= Your task =
Reproduced exactly, the lines from the start of the material through the line containing "6611 Ne 21st" should be the whole answer, with pictures excluded.

Material provided Block Start

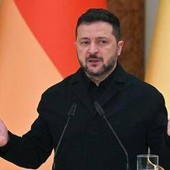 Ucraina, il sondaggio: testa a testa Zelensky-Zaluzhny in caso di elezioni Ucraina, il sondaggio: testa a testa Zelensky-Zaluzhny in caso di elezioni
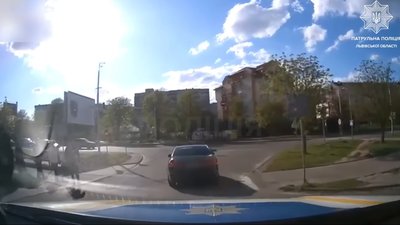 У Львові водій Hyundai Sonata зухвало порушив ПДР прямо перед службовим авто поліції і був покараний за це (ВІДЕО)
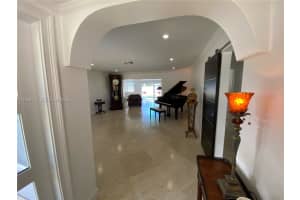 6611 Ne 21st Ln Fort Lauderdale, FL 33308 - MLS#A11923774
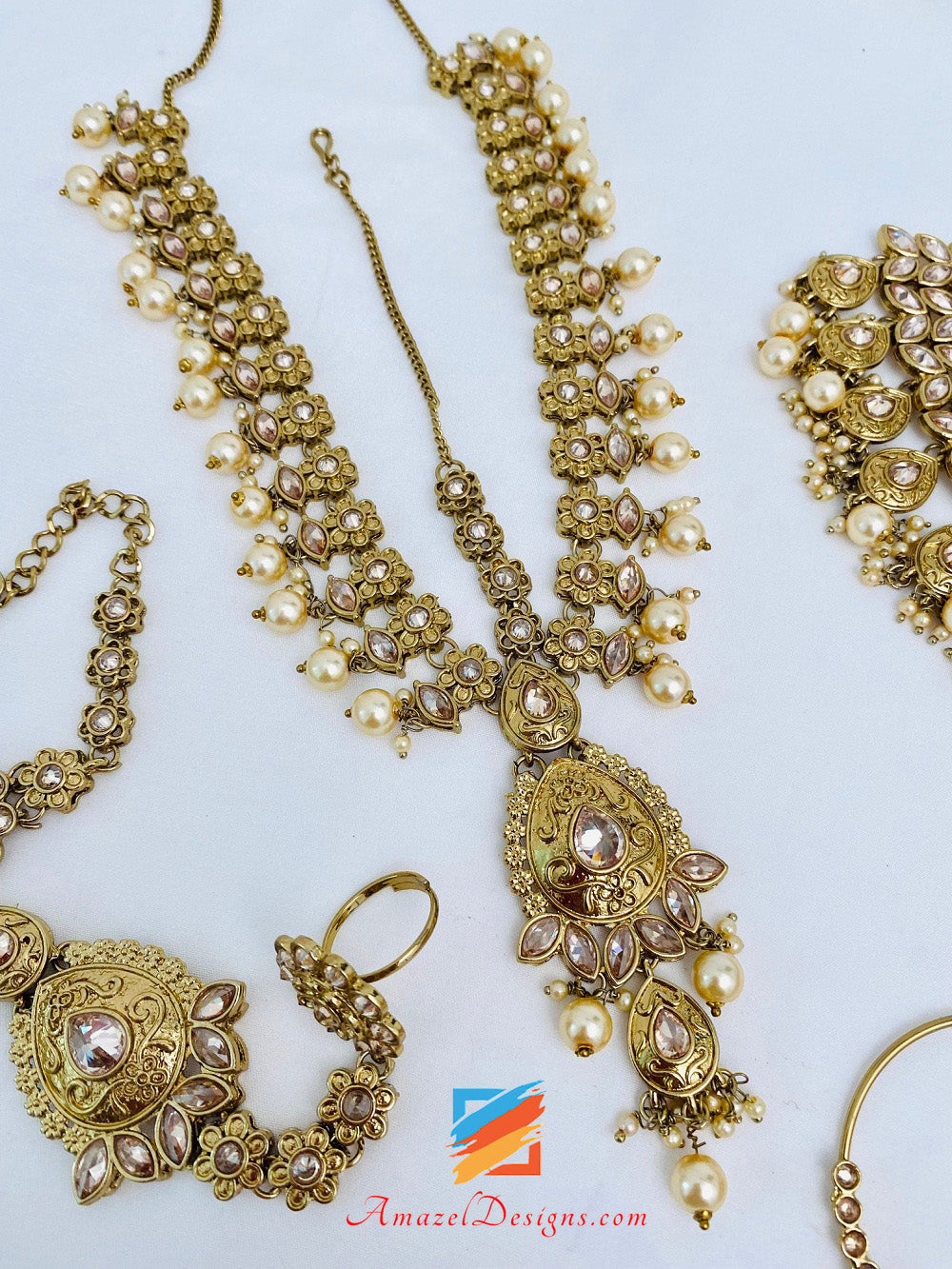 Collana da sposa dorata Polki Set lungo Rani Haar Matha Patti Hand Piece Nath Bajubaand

Material provided Block End

= Output below =
 Ucraina, il sondaggio: testa a testa Zelensky-Zaluzhny in caso di elezioni Ucraina, il sondaggio: testa a testa Zelensky-Zaluzhny in caso di elezioni
 У Львові водій Hyundai Sonata зухвало порушив ПДР прямо перед службовим авто поліції і був покараний за це (ВІДЕО)
 6611 Ne 21st Ln Fort Lauderdale, FL 33308 - MLS#A11923774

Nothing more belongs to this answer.